I totally ripped that title off from Tony Hoagland. That’s the name of a book of poetry he put out in 2003 and it always struck me as funny. But seriously, it’s time for me to talk about me. It’s going to get super awkward, but trust me when I tell you it was much harder for me to write than it will be for you to read.
Going into the fall of 1993, Tom and Joel were gone. The last remnants of the Mickey Mouse show that started it all back in 1988 were all gone. There were no more upperclassmen for me to look up to. I had to be that guy. I was a junior now, and the line was mine to lead.
Blake had me play tenors in outdoor. He added a fifth drum to the tenors, turning our quads into “quints.” I think he always wanted to write for five drums, and in me he had someone who could play whatever he threw out there. I loved it.
Marching band had a “theme” for the first time that year. We usually we just walked out there and played four songs that had absolutely nothing to do with each other and took a bow. But this year, (taking a page from the drumline playbook perhaps?) we had a theme. It was a “western” theme. Everything from the uniforms to the songs to the color guard were all unified under that theme. We even hired a big time show runner. I don’t remember much about him, except he spent way too much time with his shirt off. His name was DeWayne DeWire. Or Dwayne Dwyer… or something. Lane…Pryor? Shane Meyer? Anyway, he was a dick.
We opened with the theme from “The Magnificent Seven,” which was one of the more solid outdoor pieces we ever did. That was followed by our drum feature: “The William Tell Overture.” It was awesome, take a look.
And naturally, we went to ACCs and the drumline finished in god damn fifth place. No silver snare. We weren’t even runners up that year. Our band continued to get smaller, and we had more horn players than ever defect to the drumline. It really felt like the beginning of the end for the Lock Haven Marching Band, and indoor season couldn’t come fast enough.
Tony and Shawn’s exceptional work on tenors the year before was enough to put them in the snare line with me. These would be my guys for the next season and a half. It was an absolute joy to play alongside them. Tony was an uncanny sight reader, and Shawn had the most fluid, gorgeous technique I’ve ever seen (except for me, OBVIOUSLY). They were both so smart and dedicated, I knew we were in good shape.
Tony and Shawn weren’t the only kids showing a lot of promise: Adam, also a sophomore, had some real talent. Cathy and Joel (not him, the other one) were two of the best keyboard players we ever produced. And there was an even younger generation coming up behind them. Jeff, Mike, and Matt were going to be solid drummers. You could tell Joe and Jess were going to anchor the pit someday. These kids seemed to come out of nowhere and brought with them an exceedingly high level of skill.
And when I say “kids” I mean KIDS. This was the youngest our group had ever looked. When I was in junior high (The Beatles Year, The Beach Year, The Spy Year) we were loaded with upperclassmen. We had 35 players in The Spy Year, and only seven of us were in junior high. But now, upperclassmen represented less than half of the line. We still had the same number of members. It’s just that they were all super young.

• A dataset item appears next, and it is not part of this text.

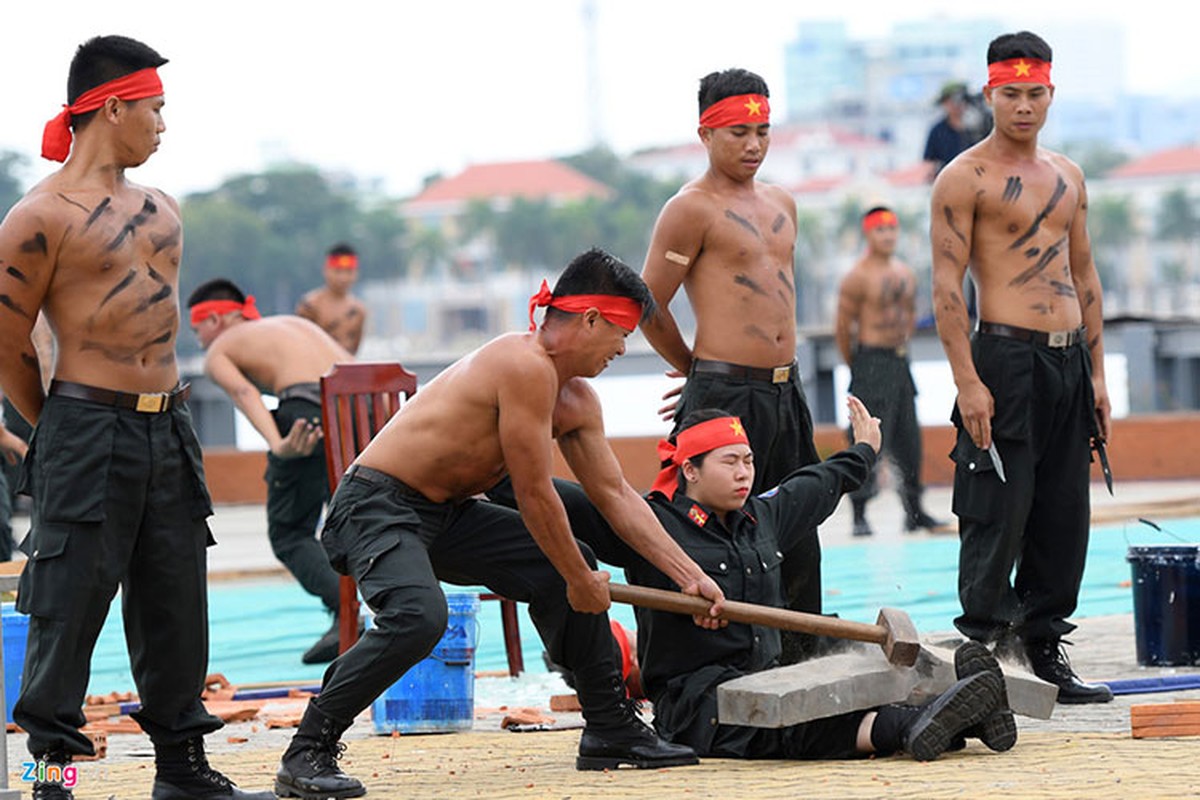 Vo thuat dieu luyen cua nu canh sat co dong chuan bi bao ve APEC-Hinh-9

And here’s why: in 1990, when Tom and Joel were freshmen, they were two of only five freshmen in the drumline. By the time they were seniors, they were two of 13 seniors in the drumline. Their class had almost tripled in size as the years went on. In contrast, when I was a freshman I was one of three. By the time I was a senior, I was one of only four. What can I say, my class was a dud. We were a crazy young group that year.
So the challenge was clear. I had a lot of kids to lead, and I didn’t have a lot of help. Being a leader is about setting an example, not only in how you play but how you present yourself off the court. Blake had prepared me for this. Now it was time to see if I had been paying attention. What was I doing to make everyone around me better? I knew the kind of leadership I saw when I was younger. What could I do to replicate that? The more I thought about it, the more it came down to one question: When you start out at the top, where’s the motivation to improve?
This new generation was coming along when Lock Haven’s drumline was already established as a premier organization. Winning wasn’t a joyous surprise to us anymore: it was expected. We expected to win everywhere we went. There’s a kind of hunger that motivates you when you have to climb your way to the top. So how do you keep it going once you’re already sitting there?
I knew it was my question to answer. I was the only one in a position to pass on the legacy and keep the fire burning bright. These new players were amazingly talented, but would that be enough? Talent was never really what got us to the top in the first place. It was the spark, the undefinable drive, the hunger. (Attack, Attack, Attack..) I had to find a way to take the spirit of the past and share it with the players of the future. These kids were looking up to me. The coming indoor season was going to be my chance to see if I could lead this group to the top of the mountain one more time.